Write again exactly the lines in the listing below, starting at the line with "Áo thể thao" and ending at the line with "Organically Grown Linen", both included. Pictures are not copied.

§ **Data extract**

▬▬▬▬▬▬

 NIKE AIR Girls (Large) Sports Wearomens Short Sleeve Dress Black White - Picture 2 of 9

▬▬▬▬▬▬

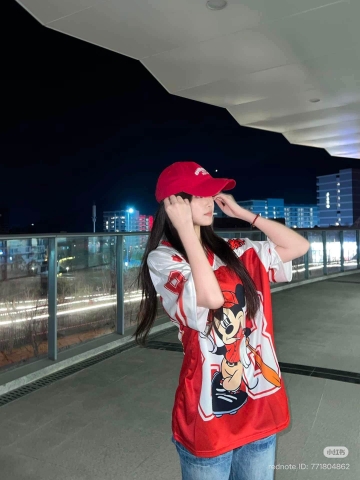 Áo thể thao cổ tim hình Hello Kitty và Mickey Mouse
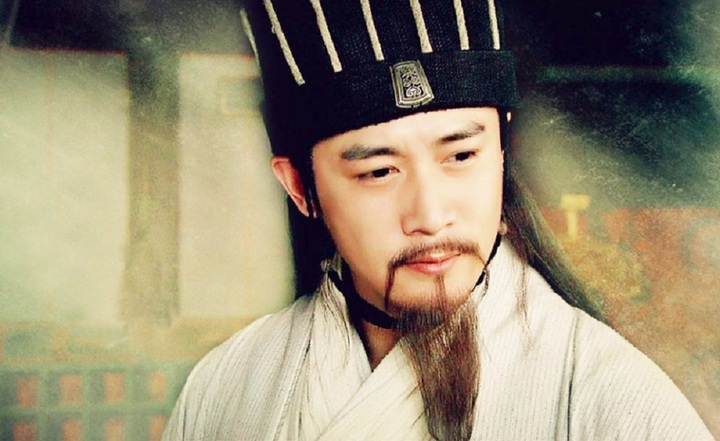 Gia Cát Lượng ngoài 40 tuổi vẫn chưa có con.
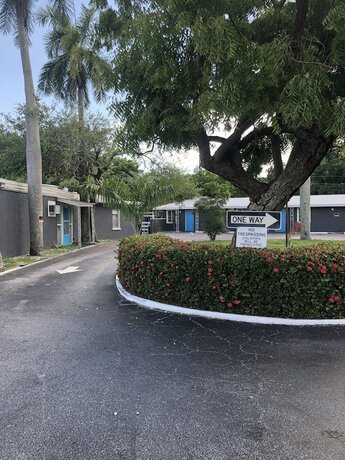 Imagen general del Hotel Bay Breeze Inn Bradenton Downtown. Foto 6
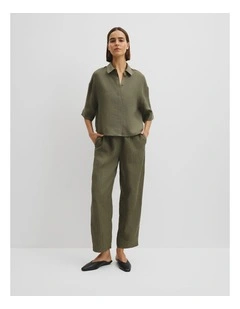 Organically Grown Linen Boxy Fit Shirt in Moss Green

▬▬▬▬▬▬

§ **Output of the exercise**
 Áo thể thao cổ tim hình Hello Kitty và Mickey Mouse
 Gia Cát Lượng ngoài 40 tuổi vẫn chưa có con.
 Imagen general del Hotel Bay Breeze Inn Bradenton Downtown. Foto 6
 Organically Grown Linen Boxy Fit Shirt in Moss Green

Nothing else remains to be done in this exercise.